There is a terrible symmetry to this past week in the West. The week began with the news that the Somali-born author and human-rights activist Ayaan Hirsi Ali had been forced to cancel a speaking tour in Australia. "Security concerns" were among the given reasons. A notable aspect of this issue, which has been made public, is that one of the venues at which Hirsi Ali was due to speak was contacted last month by something calling itself "'The Council for the Prevention of Islamophobia Incorporated". Nobody appears to know where this "incorporated" organisation comes from, but its purported founder -- Syed Murtaza Hussain -- claimed that the group would bring 5000 protestors to the hall at which Hirsi Ali was scheduled to talk. This threat is reminiscent of the occasion in 2009 when the British peer, Lord Ahmed, threatened to mobilise 10,000 British Muslims to protest at the Houses of Parliament in Westminster if the Dutch politician Geert Wilders were allowed to speak. On that occasion -- as on this one -- the event was cancelled. Promises to mobilise thousands of angry Muslims can have such an effect. But the long-term implications often get lost in the short-term outrage.

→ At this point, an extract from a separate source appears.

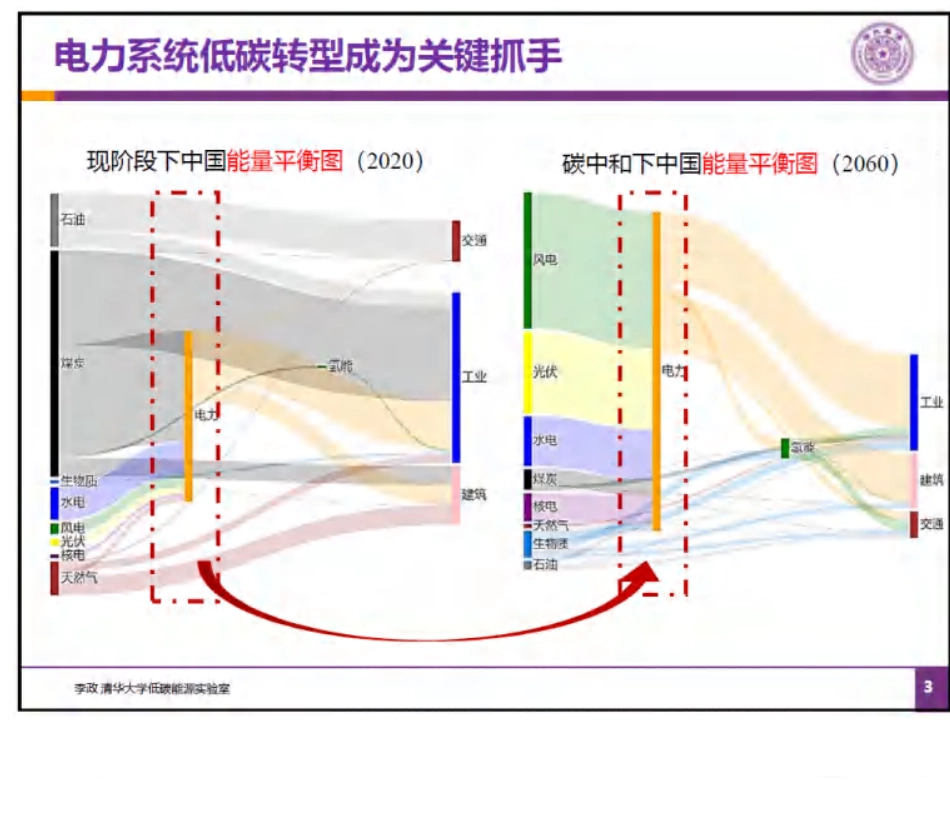 35页PPT：电力系统碳计量技术与应用_第3页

Other attacks on Hirsi Ali began, in fact, weeks before her now-cancelled tour had been due to start. On the web, for instance, a widely-watched video was disseminated showing a group of headscarf-covered Australian Muslim women. All were attacking Hirsi Ali and protesting her appearance in the country. Addressing her directly, they complained that, "Your narrative doesn't support our struggles. It erases them."

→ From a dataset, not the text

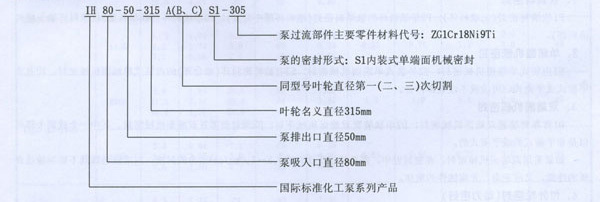 單級單吸化工離心泵型號意義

Like other criticisms of Hirsi Ali, the effort was to portray her as the problem itself rather than the response to a problem. Once again, mixing up (deliberately or otherwise) the arsonist and the firefighter, such groups present a homogenous, agreed-upon opinion -- or "narrative" -- as the only necessary answer to any problems that may or may not exist. Hirsi Ali, according to them, thinks the "wrong" things and says the wrong things. Therefore she must be stopped.
That this type of campaign can succeed -- that speakers can be stopped from speaking in Western democracies because of the implicit or explicit threat of violence -- is a problem our societies need to face. But in the meantime, we also have to face the reality that a shut-down of opinion has on our public policy as well as our public discourse.

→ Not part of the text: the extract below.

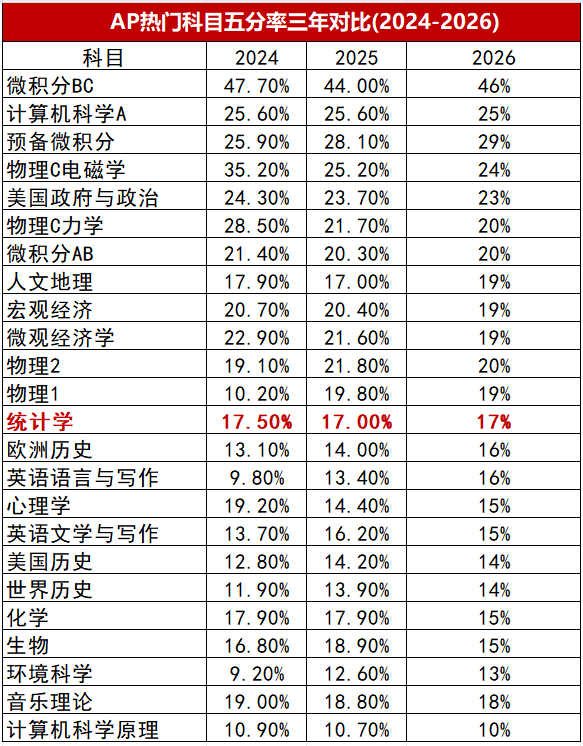 AP统计学学习哪些内容?学习难点有哪些?5分率如何?机构教育AP课程个性化定制冲高分 AP统计学学习哪些内容?学习难点有哪些?5分率如何?机构教育AP课程个性化定制冲高分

What, after all, is the acceptable discourse -- or "narrative" -- on which we can agree to speak about the attacks in Stockholm, Berlin, Nice and elsewhere? Can the discussion be allowed to include the Islamic portion? Can anyone be allowed to say that the attackers act in the name of Islam, or must we continue to present all jihadist terrorists as people suffering from any affliction apart from that one?
In the middle of the week, at a memorial service in Westminster Abbey, the Very Reverend John Hall, Dean of Westminster, said that the UK was "bewildered" after the terrorist attacks of a fortnight earlier. He went on in his sermon to ask:
"What could possibly motivate a man to hire a car and take it from Birmingham to Brighton to London, and then drive it fast at people he had never met, couldn't possibly know, against whom he had no personal grudge, no reason to hate them and then run at the gates of the Palace of Westminster to cause another death? It seems likely that we shall never know."If it is true that our societies are "bewildered", as the Dean says, might it be because we have not heard a wide-enough range of possible explanations for such outrages -- because we have deliberately cut ourselves off, by choice,- from the warnings of ex-Muslims such as Hirsi Ali? Amid the "narratives" that are acceptable and to be tolerated, perhaps we have failed to listen to the explanations that outline the sheer scale of the religious and societal problem now in front of us?
Of course, for many Muslims, such as those critics of Hirsi Ali in Australia, there is a clear reason why they want to stop her speaking. Were people to hear her, they would realise the vast enormity of the challenge ahead of us and the depth and breadth of its nature. Her audiences would discover the defensive play around the world in which many Muslim organisations are engaged -- a campaign to limit speech precisely in order to protect their own interpretation of their religion and keep out any other.
It is, however, the dissenting, silenced voices such as Hirsi Ali's that are precisely the voices the world needs to hear at present. How tragic that a week that began with a silencing, should end with yet another all-too-predictable terrorist attack -- one which Sweden will do as much to fail at comprehending as Britain did two weeks before her.
Hearing from voices such as that of Hirsi Ali could lift the fog of our "bewilderment" and explain, for instance, what does motivate some people to drive a car or truck into crowds of people going about their lives. There is a whole pile of reasons why Islamists want to stop her explanations from being aired. But why -- when the attacks keep on happening -- do our own societies collude with such sinister people to keep ourselves in the dark?